3D Edge-Enriched Fe3 C@C Nanocrystals with a Core-Shell Structure Grown on Reduced Graphene Oxide Networks for Efficient Oxygen Reduction Reaction.

Abstract

The design of highly active, stable, and low-cost oxygen reduction reaction (ORR) electrocatalysts to replace platinum-based materials is crucial to the development of renewable energy technologies. Herein, novel 3D edge-enriched Fe3 C@C nanocrystals with a core-shell structure grown on reduced graphene oxide (rGO) networks (Fe3 C@C/rGO) are reported as highly efficient and stable electrocatalysts for the ORR. The rGO nanosheets act as a host and provide vital support for local growth of edge-enriched Fe3 C@C nanocrystals, leading to a large surface area of 263 m2 g-1 and superstable hybrid structure. The unique structural design of the Fe3 C@C/rGO hybrid enables fast mass transport and a substantial number of exposed active edge sites for electrocatalytic reaction.
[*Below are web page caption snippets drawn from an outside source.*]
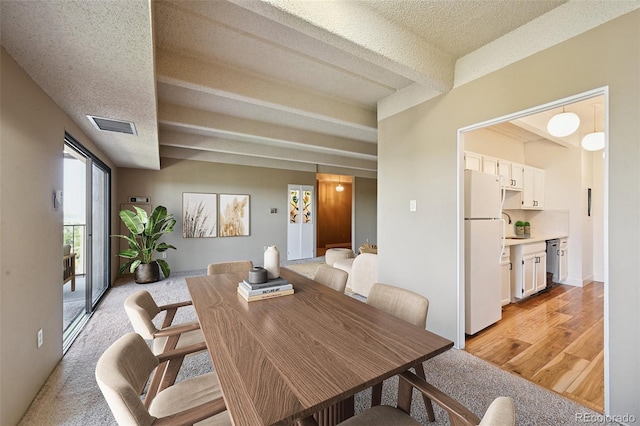 7865 E Mississippi Ave Unit 1504, Denver, CO 80247 - dining area with beam ceiling, a textured ceiling, and light wood-style floors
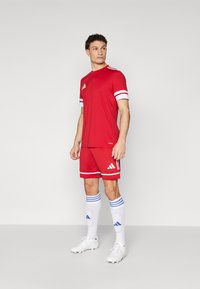 Rode sporttrui met witte strepen op de mouwen, bijpassende rode shorts, witte sokken met blauwe strepen en witte voetbalschoenen. Adidas-logo zichtbaar.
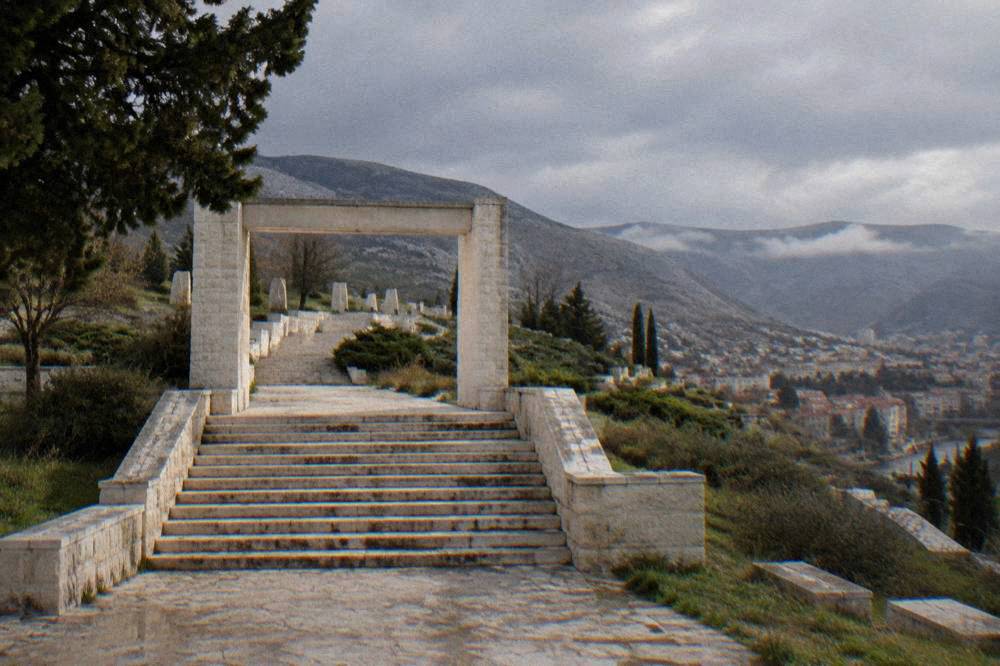 A wide stone staircase and gateway leading up into a memorial enclosure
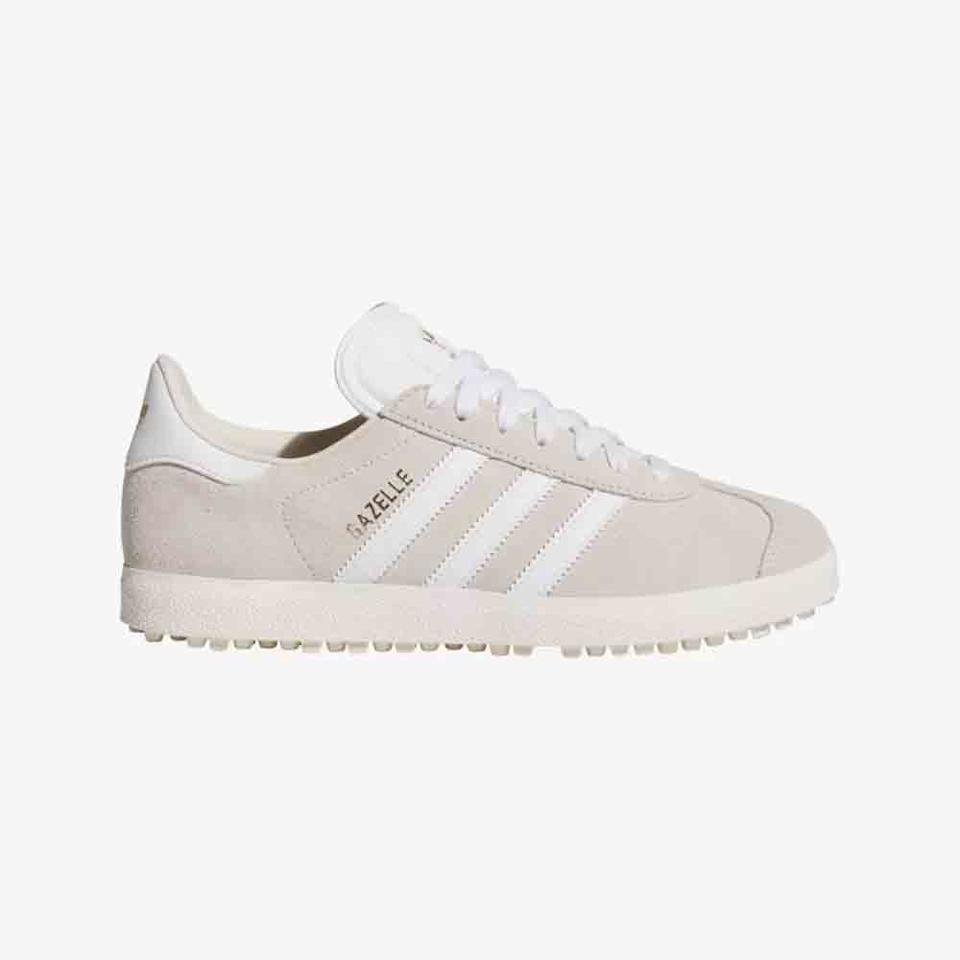 A beige Adidas Gazelle sneaker with white stripes, white laces, and a white sole, shown in a side profile view on a plain white background—an ideal gift for Mother’s Day.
The Fe3 C@C/rGO hybrid exhibits excellent ORR catalytic activity, with a high positive onset potential close to 1.0 V, a Tafel slope of 65 mV dec-1 , and excellent durability with only about 8 % current density decay at 0.8 V after 20 000 s continuous operation, which is superior to that of commercial Pt/C catalyst in an alkaline electrolyte.